ちょっと赤い神には知ってもらう必要があるだろう、俺が赤の力を使う事の意味を、なんで森で使わないかを、いや普通森の中で火を使うとか焚き火くらいだし、それで嫉妬されるってのもどうなのよって話ではあるが、血気盛んな戦神みたいだし黄色様の話からも多分深くは考えていないような気がする。
連続した炸裂音、森の奥のほうが白く輝く、魔法にかかった奴が現れたようだ、進行方向の予測は出来た、さて穴掘りだ。
<土操作>、その名の通り地面を弄るための魔法だ、細かい操作には向いていないがこういった時の溝掘りや大規模穴掘りには十分使える、別に塞ぎもしない溝、幅5メートル深さ10メートル長さはよく把握していない、掘った土は反対側で3メートルほどの高さの壁にする、後で埋め戻すのに使おう、樹まで巻き込んで壁の中だが浅層だしまあいいだろう、森が穴だらけで景観台無しだ、間違いなく俺のせいだけど。
魔物が後ろから押されて面白いように落ちていく、深さがそんなに無いからすぐ大型の魔物で埋まるだろう、取り合えず煩いから穴の底から<土槍>で貫いていく、ついでに吸収魔手も伸ばして魔力を頂戴する、補給は大事だ、すっかり忘れてたけどこれ魔石の回収とかどうしようか?

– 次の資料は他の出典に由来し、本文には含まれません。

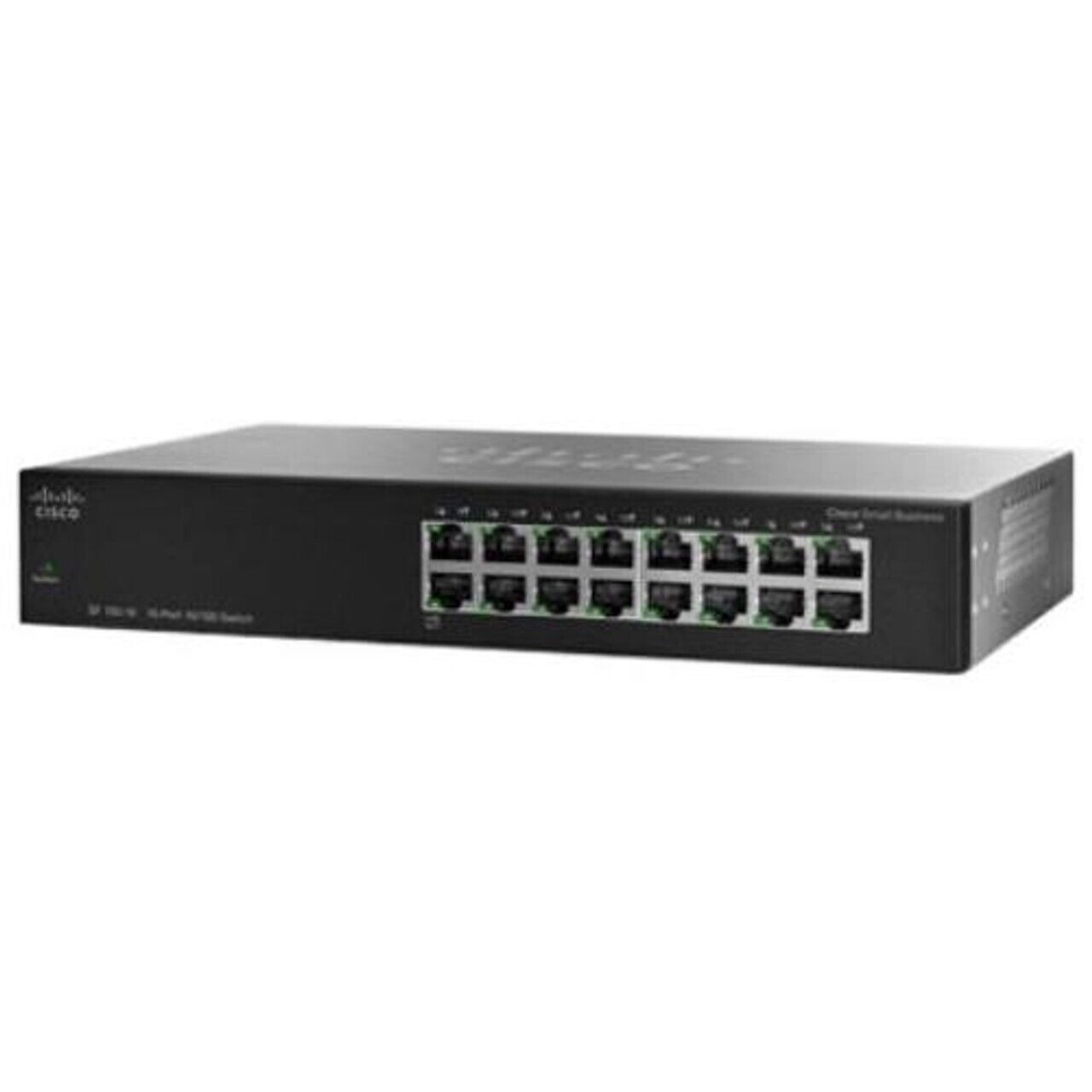 SF100-16 Cisco 16-Port 10/100 Unmanaged Rack Mountable Switch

どうでもいいことを悩んでいたら感知に一際大きな魔物が迫ってくる影が映る、ようやくお出ましのようだ。
『アイビー、どうやらボスのお出ましのようだ、あちらをお願い』
(畏まりました、では行ってまいります)
俺に絡んでいた蔦がずるりと全部落ちて傍らに這っていく、さっき見せてもらった時はタンブル・ウィードのような姿だったが今度は【緑狼】を真似たようだ、尻尾の部分が蔦の集合体な事と眼が閉じたようになっている所以外違和感はない、よく見ると耳や首周りに葉らしき名残が見えるが【擬態】能力恐るべしである。
(では御主人様、ご武運を)
狼の姿で軽く頭を下げて一礼すると素早く駆け出す、走りながら身体が一回り大きくなった気がする、あれなら任せておいて良さそうだ。

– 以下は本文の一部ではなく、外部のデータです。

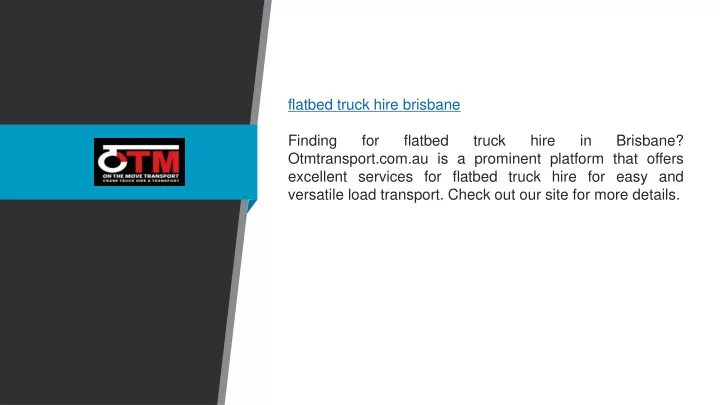 flatbed truck hire brisbane finding for flatbed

まだ姿の見えないボスに向けて挨拶代わりにまずは<石弾>を1発、移動速度からして二足歩行ではなさそうだ、振動も四足動物のそれだと伝えている、だが正面に高熱源体は見えない、ドーム内で静かだった間に最終的に外に熱を漏らさないような変化をしたか進化でもしたかだろう。
姿が見える、ドーベルマンの様に真っ黒で艶のある短い毛並み、犬のような頭が2つ、その眼は森の中でも存在を示すかのように紅く輝いている、口から漏れる炎、鑑定すると【炎獄ノ獣】とでた、こちらの世界のヘルハウンドはこんな姿らしい、【魔犬】では認めてもらえなかったようだ、黒妖犬表記ではないからただの黒い犬という扱いなんだろうか? 未だ隠れて姿を見せていない翻訳能力さんに意思があったら基準を聞いてみたい所だ、ついでになぜ魔物や俺の作った魔法までが漢字カナ表記なのかも、中2的なアレをこじらせちゃってるんだろうか?
こちらを確認したのかどんどんと接近してくる、火炎弾とか攻撃術を飛ばしてこない辺り遠距離攻撃能力は無いようだ、だとしたら口から炎が漏れてるし使ってくるのはアレしか無いだろう、後は顎の力とその大きさからの力そして獣の瞬発力が武器といったところか、己の力を過信しているのか真っ直ぐ向かってくる辺り、あまり頭はよくなさそうにも見えるがどうだろうか。
あっという間に溝を飛び越えて壁の上へ、ボスだけあって流石にでかい、頭から尻尾の付け根までで5メートルはあるだろうか?更に何故かここだけフサフサな毛をした尻尾が1メートルほど、二つの頭の位置は俺を見下ろすような形だ。
魔手を伸ばして背後の森へ高速移動、壁の上では状況が不利だ、離れつつ<氷弾>、石弾の氷版、を放つ、いとも簡単にかわされた、やはりあの瞬発力は侮れないようだ。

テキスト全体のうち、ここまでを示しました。